Op dit moment zijn er nog maar vier metersporige lijnen actief in Frankrijk: de lijn Saint Gervais- Vallorcines in het zuidoosten van Frankrijk, de lijn Villefranche-Vernet-les-Bains naar La Tour-de -Carol-Entveitg in het zuidwesten bij de Pyreneeën, de lijn Salbris – Valençay in het midden van Frankrijk en de lijn Digne-Nice in het zuidoosten. De eerste drie worden geëxploiteerd onder de vlag van de Franse spoorwegen SNCF, terwijl bij de lijn Digne-Nice de investeringen door de regio worden gedaan en de exploitatie door CFSF (Compagnie Ferroviaire Sud France, een dochter van Veolia Transport) gebeurt. Deze lijn is al eens het onderwerp geweest van een artikel in NVBS Actueel [1].

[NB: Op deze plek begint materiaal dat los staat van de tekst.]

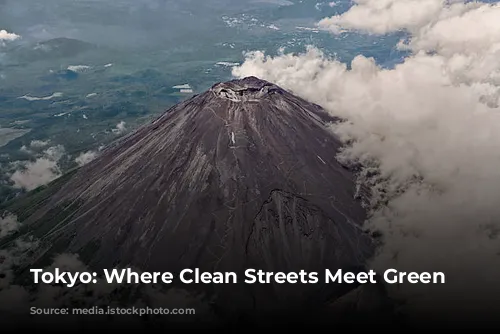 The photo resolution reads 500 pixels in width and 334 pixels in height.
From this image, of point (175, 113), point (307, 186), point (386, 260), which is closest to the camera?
point (386, 260)

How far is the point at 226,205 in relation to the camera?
71.4m

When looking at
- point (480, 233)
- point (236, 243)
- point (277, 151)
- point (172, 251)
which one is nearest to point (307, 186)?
point (277, 151)

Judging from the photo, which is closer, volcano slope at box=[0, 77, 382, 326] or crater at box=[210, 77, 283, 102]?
volcano slope at box=[0, 77, 382, 326]

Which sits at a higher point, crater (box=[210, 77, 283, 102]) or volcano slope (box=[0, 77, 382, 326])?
crater (box=[210, 77, 283, 102])

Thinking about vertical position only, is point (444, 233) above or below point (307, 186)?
below

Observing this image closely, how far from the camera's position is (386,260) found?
69.1 m

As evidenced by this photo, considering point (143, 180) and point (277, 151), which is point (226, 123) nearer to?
point (277, 151)

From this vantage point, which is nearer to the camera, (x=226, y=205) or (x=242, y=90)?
(x=226, y=205)

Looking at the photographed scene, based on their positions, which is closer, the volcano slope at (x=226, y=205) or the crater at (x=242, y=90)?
the volcano slope at (x=226, y=205)

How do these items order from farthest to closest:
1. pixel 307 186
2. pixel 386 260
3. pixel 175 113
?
1. pixel 175 113
2. pixel 307 186
3. pixel 386 260

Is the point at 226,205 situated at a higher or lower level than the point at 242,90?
lower

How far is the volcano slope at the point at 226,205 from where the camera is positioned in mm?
67125

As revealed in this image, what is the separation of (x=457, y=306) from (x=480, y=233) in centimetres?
1734

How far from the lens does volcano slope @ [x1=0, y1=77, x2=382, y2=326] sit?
67125 mm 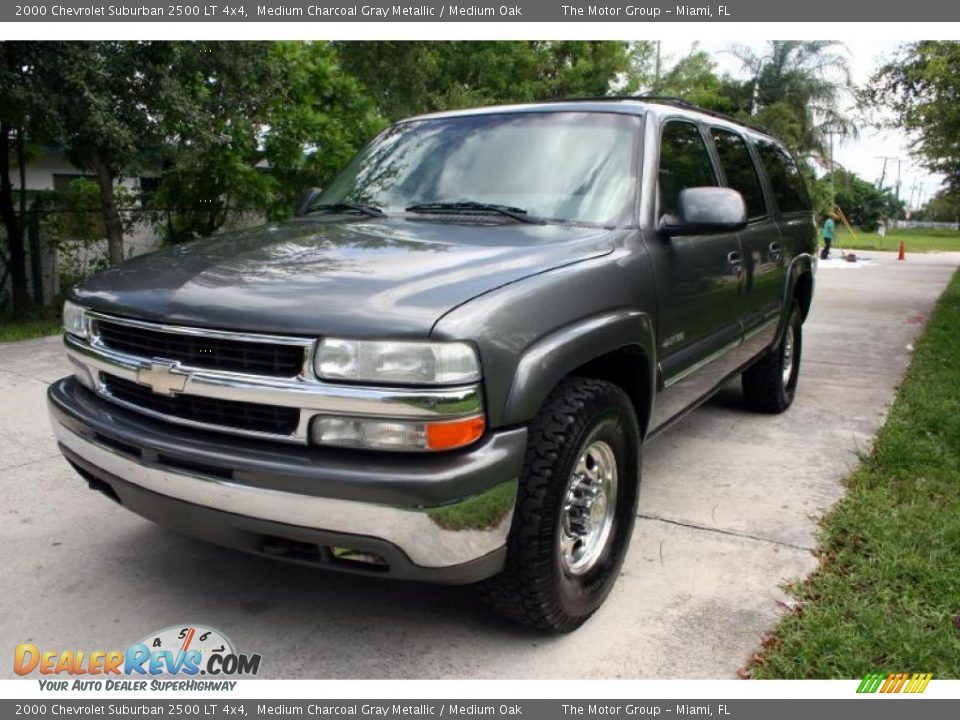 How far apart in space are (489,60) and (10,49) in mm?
14750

Daarnaast zijn er dan nog de metersporige lijnen op het Franse eiland Corsica. Ook die worden niet door de SNCF geëxploiteerd, maar via een gecompliceerde constructie genaamd SEM (Société d’Économie Mixte). Al deze metersporige lijnen worden uitvoerig beschreven in het (Duitstalige) boek van R. Schulter [2].
In dit artikel is de lijn van Salbris naar Valençay het onderwerp. Het ontstaan van deze lijn gaat terug tot het midden van de 19e eeuw. Men realiseerde zich dat zich in het ongeveer 100 km brede gebied tussen de spoorlijnen Orléans-Toulouse en Tours-Bordeaux geen enkele spoorlijn bevond. Het noordelijk gedeelte van dit gebied is de Sologne en het zuidelijke deel de Berry. Talloze plannen werden gepresenteerd, maar de bovengenoemde Freycinet bepaalde in 1879 dat er een spoorlijn tussen de in het noordoosten van dit gebied gelegen plaats Argent, via Salbris, Romorantin, en Buzançais naar het in het zuiden van dit gebied gelegen Le Blanc moest komen. De oorlog van 1870-1872 had bovendien geleerd dat een dergelijke lijn ook een strategisch belang zou kunnen dienen.
Chemin de fer du Blanc-Argent
Op 22 mei 1882 vond de in Frankrijk belangrijke stap van de “déclaration d’utilité publique” plaats, waarbij de lijn als dubbelspoor en met normaalspoor zou worden gebouwd. Economische ontwikkelingen in de jaren na 1880 vertraagden de aanleg daarna aanzienlijk.
Door een herverdeling van concessies kwam de beoogde Blanc-Argent (BA) spoorlijn op 20 november 1883 bij de Compagnie de Paris-Orléans (PO) terecht. De volgende stappen waren de besluiten om de lijn enkelsporig en met meterspoor te bouwen. Maar in 1898 werd eindelijk begonnen om de lijn gelijktijdig in vier gedeelten te bouwen: Argent-Salbris, Salbris-Romorantin, Romorantin-Eceuillé en Eceuillé-Le Blanc. Ongeveer drie jaar later was de lijn voltooid: Salbris-Romorantin op 31 december 1901, Argent-Salbris op 15 mei 1902, Romorantin-Eceuillé op 06 november 1902 en Eceuillé-Le Blanc op 17 november 1901. Het oorspronkelijke idee om de 191 km lange lijn in normaalspoor aan te leggen maakte wel dat deze geheel op eigen baan lag, relatief zware rails van 25 kg/m werden gebruikt, het merendeel van de bochten een straal groter dan 300 m had en de maximale helling maar 15‰ was. De kantoren en de werkplaatsen werden gevestigd in Romorantin.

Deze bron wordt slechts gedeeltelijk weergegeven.